Back to the “respect for informed opinion” factor. Sarah Palin is well liked because she promotes the Tea Party narrative of America. According to this narrative, Americans have always been hard-working white individualists who don’t need the government and who give their children names like George and Jennifer -- not names like Consuelo, Enrique, Latifah or Shaquille.

According to the Tea Party version of history, America has been “taken away” by the wrong people, people who use the government to ruin the lives of hard-working white people by siphoning off unearned cash into their own pockets.

I know something about this because I received a number of angry responses to an article I wrote for the Ledger a couple weeks ago. Angry email responses provoked by my article alluded to the unfairness of government programs for poor people, and some of the responses specified the non-whiteness of those they imagined to be the main beneficiaries of these programs. When I replied to these angry writers pointing out that a lot of government programs have historically favored white people (the GI Bill as it was originally administered, the big tax breaks given to homeowners, tax-supported public universities, and so on) my critics wrote back – should I say spewed back – that these government programs only served deserving Americans.

The overt racial element in these angry emails parallels the verbal bigotry that Democratic legislators faced from the Tea Partiers during the Health Care vote.

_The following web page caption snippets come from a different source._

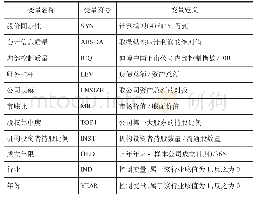 表1 变量定义与度量：内部控制、会计信息质量与股价同步性研究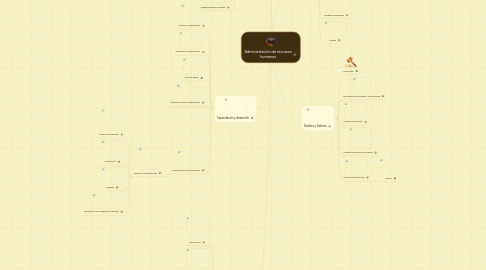 Mind Map: Administración de recursos humanos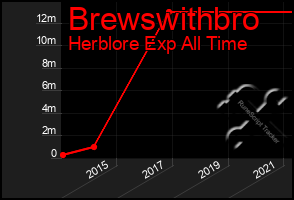 Total Graph of Brewswithbro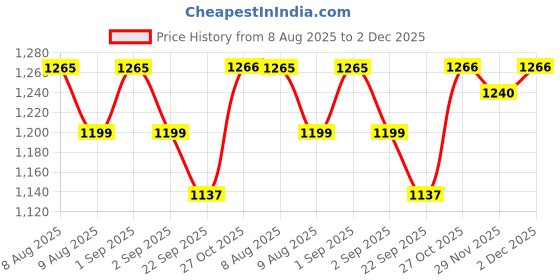 amazon.in ZORBES® 2 in 1 Headphone Hanger with Desk Cup Holder Price History Graph from 8 Aug 2025 to 2 Dec 2025
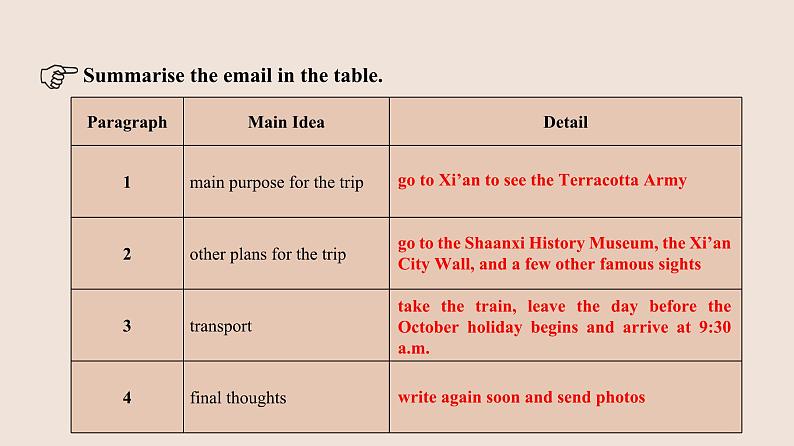 2023-2024学年高一英语人教版 必修一  Unit 2 Reading for Writing & Assessing Your Progress课件PPT07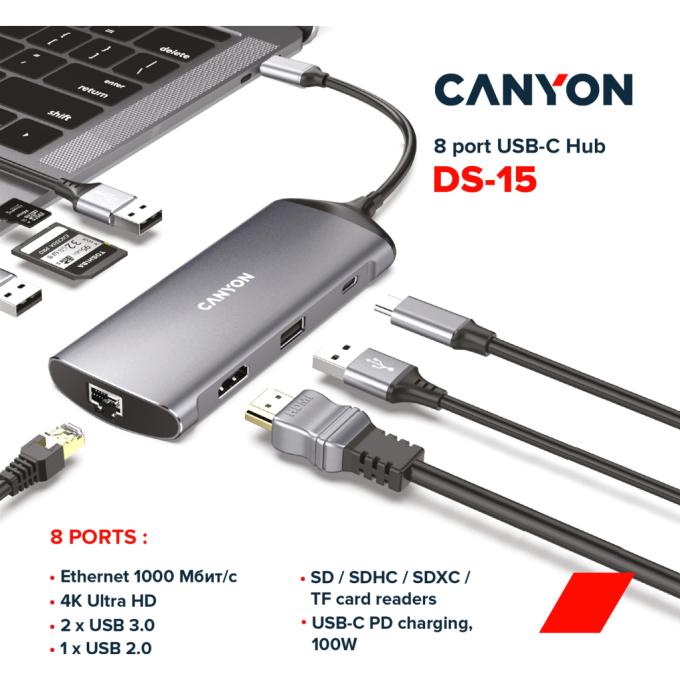 Canyon CNS-TDS15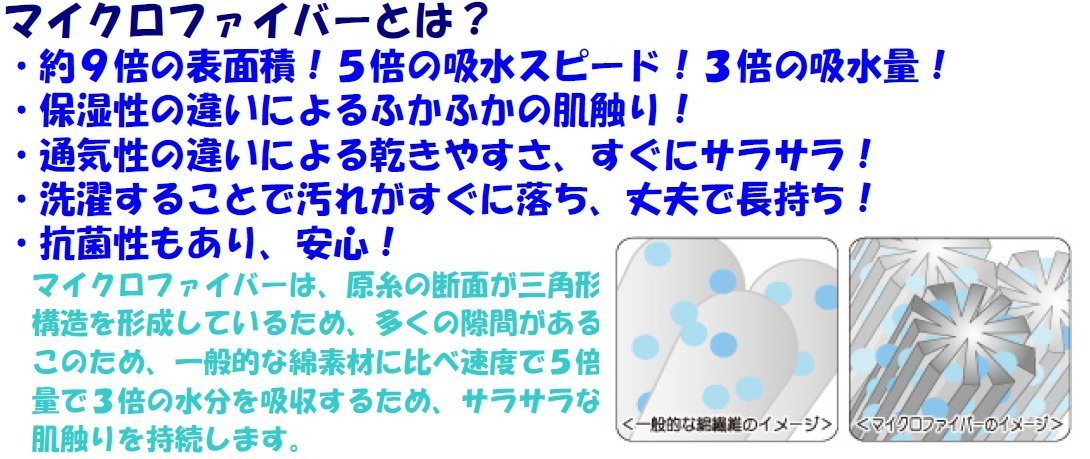 ﾏｲｸﾛﾌｧｲﾊﾞｰとは.jpg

I really believe their shouts of “We want our country back!” really mean “We white people want our country back.” It is racism, not government spending per se, that motivates an awful lot of them.

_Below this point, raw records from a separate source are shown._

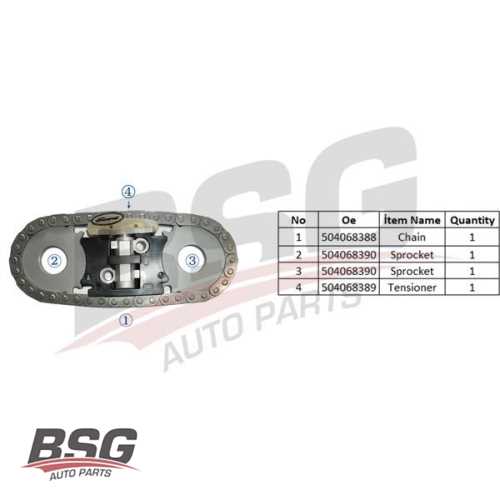 EKSANTRIK ZINCIR SETI ZINCIR-2 EKSANTRIK DISLI-2 ZINCIR GERGISI 2,3 JTD DUCATO III/DAILY III/IV/VI 06- Ürün Görseli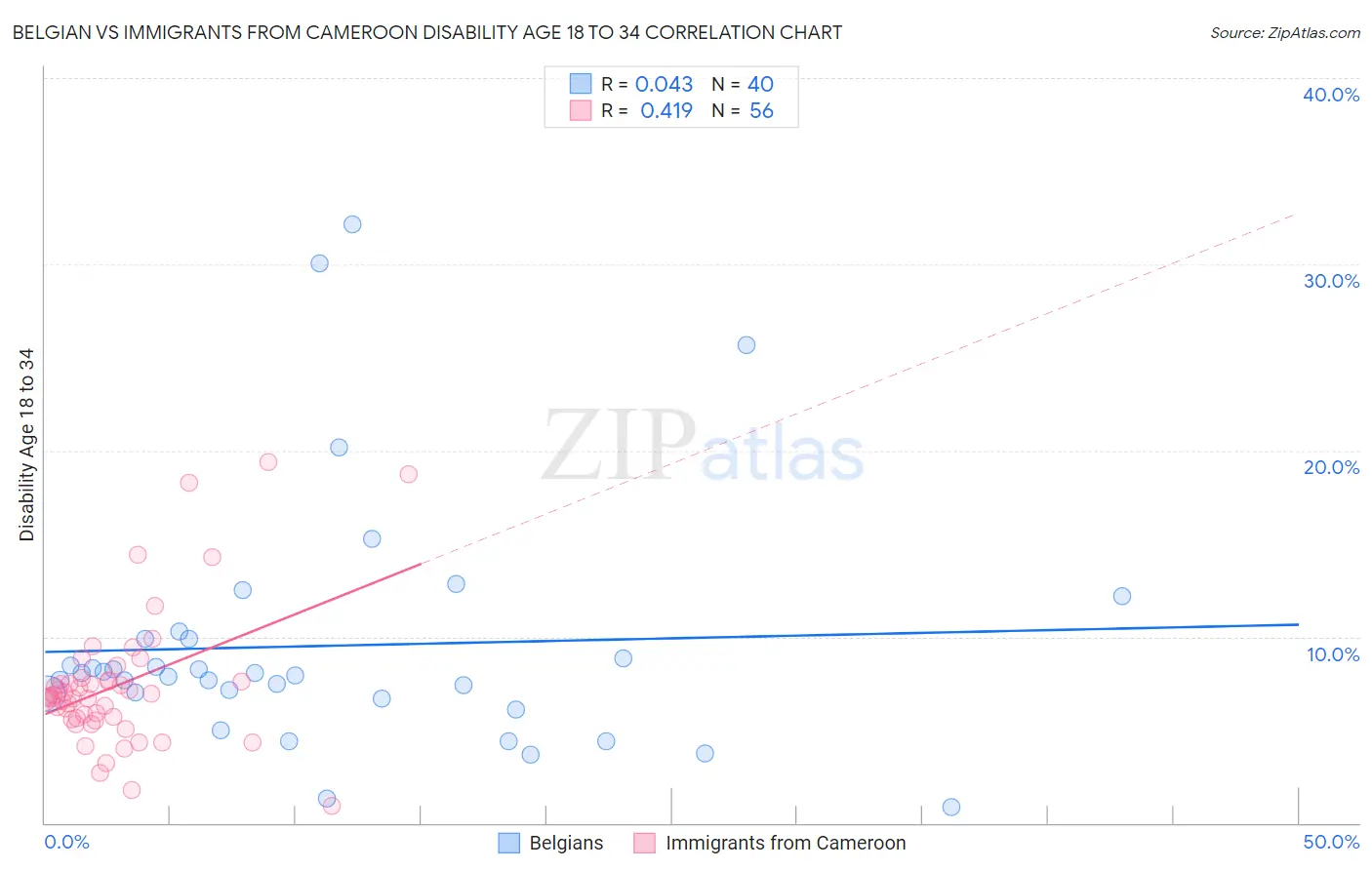 Belgian vs Immigrants from Cameroon Disability Age 18 to 34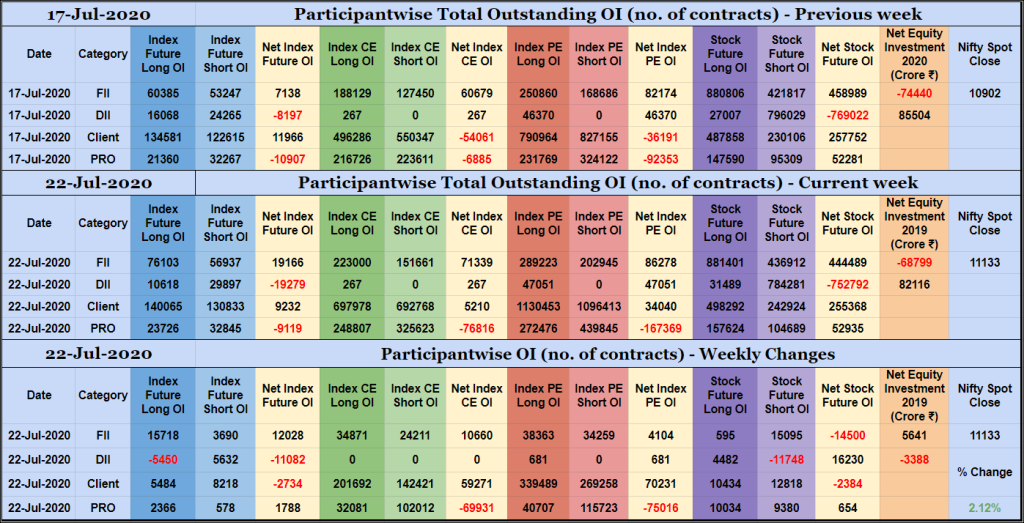 Poiweekly22Jul Participantwise Open Interest - 22Nd Jul 2020 Client, Dii, Fii, Open Interest, Participantwise Oi, Props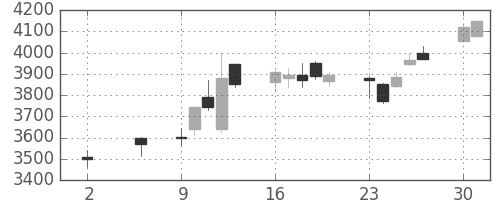 富士重の日足チャート(2016年5月)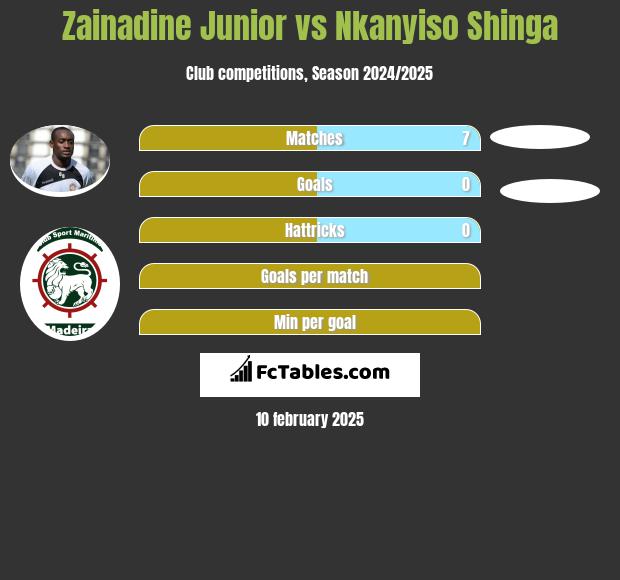 Zainadine Junior vs Nkanyiso Shinga h2h player stats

As I’ve said before, if it was really government debt they were worried about, they would have denounced Ronald Reagan and George W. Bush who first plunged us into serious debt. If it were government handouts in general that they hated, they would be demanding an end to tax write-offs for homeowners, and the closing of public universities. But they aren’t. They are angry at welfare recipients and those who will benefit from the new health care bill, and, according to their distorted perceptions, these beneficiaries are mainly Black or Hispanic and may even be undocumented Hispanic.

Sarah Palin suits them because she is a relatively attractive white woman who massages their prejudices. Would it be possible for a Black woman or a Wise Latina Woman to play her role? In a word, no. First, because only people who have enjoyed the privileges of whiteness could spout the nonsense that Palin peddles, and secondly, because the racist factor means that for many Tea Partiers only white people fit the image of true Americans.

Yes, there is racism in Britain, but what seems special about Tea Party racism is its elaborate self delusion about government handouts constructed on a foundation of anti-intellectualism. And anti-intellectualism is one of those things that we Americans still do better than most.